De la sagesse des Anciens15 (p. 44-48).


VI. Endymion, ou le favori.


La lune, suivant la fable, aima le berger Endymion ; mais ce commerce étoit d’une nature singulière et tout-à-fait extraordinaire. Car, tandis que ce berger dormoit dans une certaine grotte percée par la seule nature dans les rochers de Lathmos, la lune descendoit de la sphère supérieure, et s’offroit d’elle-même aux caresses de l’aimable berger endormi, puis remontoit dans les cieux. Néanmoins ce sommeil et ce repos ne nuisoient à la fortune d’Endymion ; tandis qu’il dormoit, son troupeau, par le pouvoir de la déesse son amante, engraissoit et multiplioit à vue d’œil en sorte qu’aucun berger du canton n’avoit des troupeaux comparables aux siens, soit pour le nombre, soit pour la beauté.

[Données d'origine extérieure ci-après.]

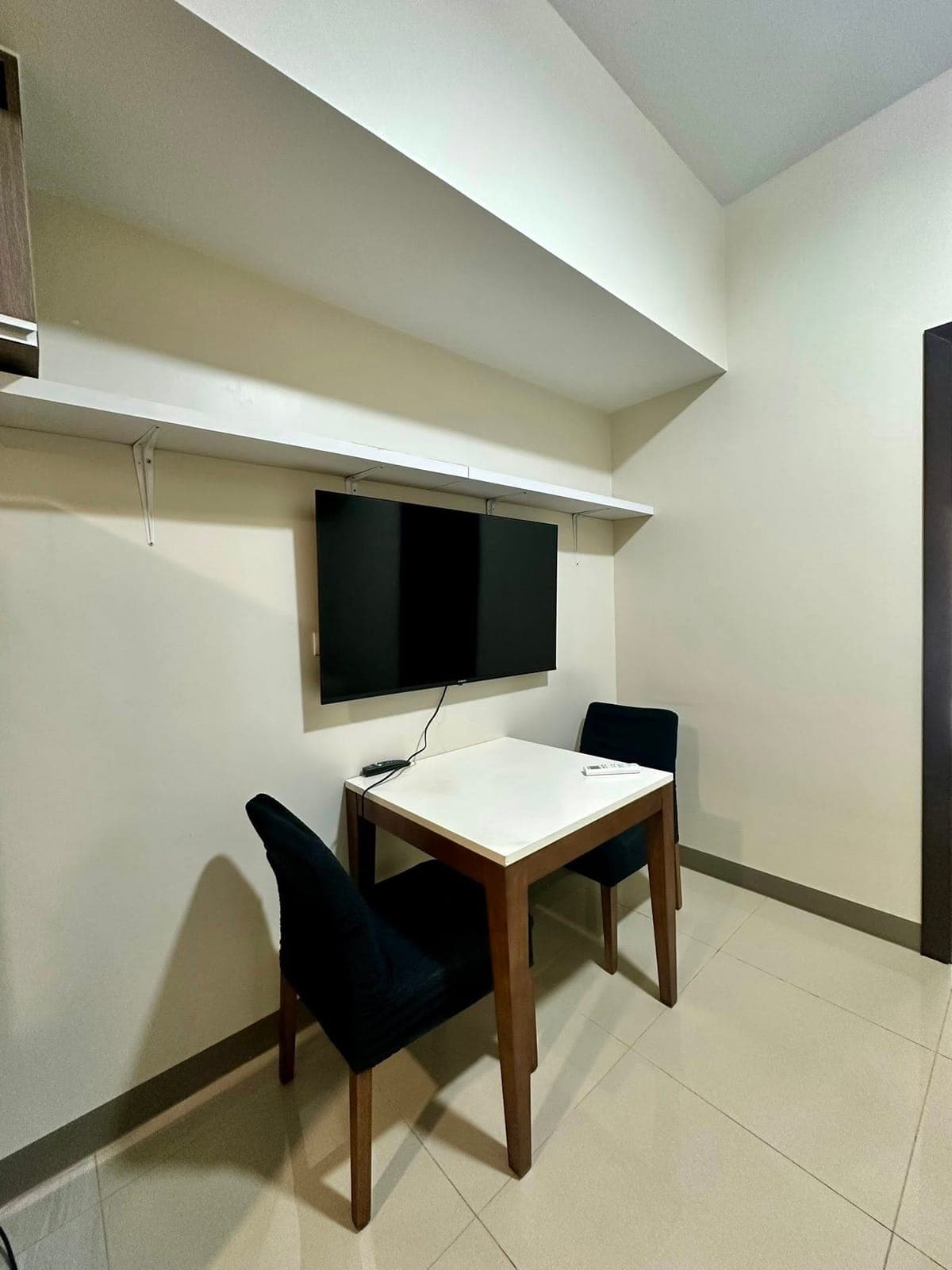 PTPA. One Bedroom Unit w/ Balcony available for Lease at Park McKinley West. - photo 2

Cette fable paroit destinée à donner une juste idée des inclinations, des goûts et des mœurs des souverains ; car ces princes ayant l’esprit rempli de pensées affligeantes, et disposé au soupçon, n’admettent pas aisément dans leur familiarité la plus intime, les personnages curieux et pénétrans, dont l’ame est, pour ainsi dire, toujours éveillée et attaquée d’une sorte d’insomnie ; mais ils préfèrent des hommes d’un caractère plus paisible, plus complaisans, disposés à se prêter à tous leurs caprices, insoucians à l’égard des mœurs de leur maître, qui ont toujours l’air de tout ignorer, de ne s’appercevoir de rien et qui semblent être endormis ; enfin, en qui ils trouvent une déférence aveugle plutôt qu’une complaisance étudiée. C’est en faveur des hommes de ce caractère, que les princes veulent bien se relâcher de leur majesté, descendre de leur hauteur, comme la lune descendoit de la sphère supérieure en faveur d’Endymion, et se débarrasser de ce masque imposant qu’ils sont obligés de porter continuellement, et qui est pour eux une sorte de fardeau ; enfin, c’est avec eux qu’ils aiment à vivre dans la plus étroite familiarité, et qu’ils croient pouvoir le faire sans danger. C’étoit ce qu’on observoit sur-tout dans Tibère-César, prince d’un caractère extrêmement difficile, qui n’avoit pour favoris que des hommes qui, à la vérité, connoissoient très bien tous ses vices, mais qui dissimuloient cette connoissance avec une sorte d’obstination et d’insensibilité : observation qu’on a faite également sur Louis XI, roi de France, prince très circonspect et très artificieux ; et ce n’est pas au hazard que les poëtes dans cette fable, font mention de cette grotte où dormoit Endymion ; car assez ordinairement les favoris de cette espèce ont, dans certains lieux retirés, des maisons de plaisance où ils invitent leur maître à se rendre, pour se délasser, en se mettant à son aise, et se déchargeant tout-à-fait du poids de sa fortune. On doit observer aussi que la plupart de ces favoris insoucians font très bien leurs affaires, et tirent de cette familiarité du prince des avantages très réels. Il se peut, à la vérité, que leur maître ne les élève point aux grandes dignités ; mais, comme il a pour eux une affection sincère, et ne les aime pas seulement en vue de l’utilité et des services qu’il peut tirer d’eux, il verse sur eux une infinité de graces d’une autre espèce ; et, par sa munificence, il ne tarde pas à les enrichir[1].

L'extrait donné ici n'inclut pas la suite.